You should use PCA when you want to reduce the number of variables while keeping most of the variance.
In this code chunk, we calculate PCA on the same features used in k-means and factor analysis. Let’s see what principal components PCA reveals.
pca_result <- prcomp(features, scale. = TRUE)
pca_resultStandard deviations (1, .., p=3):
[1] 1.4716107 0.8722854 0.2710725
Rotation (n x k) = (3 x 3):
PC1 PC2 PC3
total_attempts 0.6022064 0.4940629 -0.6270959
accuracy -0.4474157 0.8594143 0.2474393
incorrect_attempts 0.6611858 0.1315630 0.7385963The results should be interpreted using the Standard deviation of PCs (related to variance explained) and the rotation matrix (loadings), which shows how the original variables map onto each PC.
We can interpret the standard deviation values as representing the square root of the eigenvalues. They indicate how much variance each PC captures, such that higher values indicate the PC capture more variance compared to smaller values.
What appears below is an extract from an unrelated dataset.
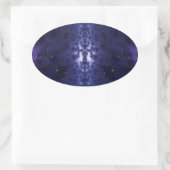 Sterrennacht Ovale Sticker (Tas)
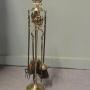Brass Fireside Companion Set, Cutty Sark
We can see that the first PC explains the most variance, while the second explains a moderate amount, and the last PC explains the least amount of variance.
In contrast, the rotation matrix reveals how much each feature (total attempts, accuracy, total incorrect attempts) contributes to each PC. Higher absolute values (closer to 1 or -1) mean the feature has a strong influence on the PC.
library(factoextra)
fviz_contrib(pca_result, choice = "var", axes = 1, top = 5) # Contributions to PC1
library(factoextra)
fviz_contrib(pca_result, choice = "var", axes = 2, top = 5) # Contributions to PC2
library(factoextra)
fviz_contrib(pca_result, choice = "var", axes = 3, top = 5) # Contributions to PC3
How does PCA differ from clustering?
Why might dimensionality reduction be useful for educational data?
Conclusion
We explored three unsupervised learning methods using user interaction data from ASSISTments: k-means clustering, factor analysis, and PCA. Each method offers unique insights into hidden patterns and user behaviors.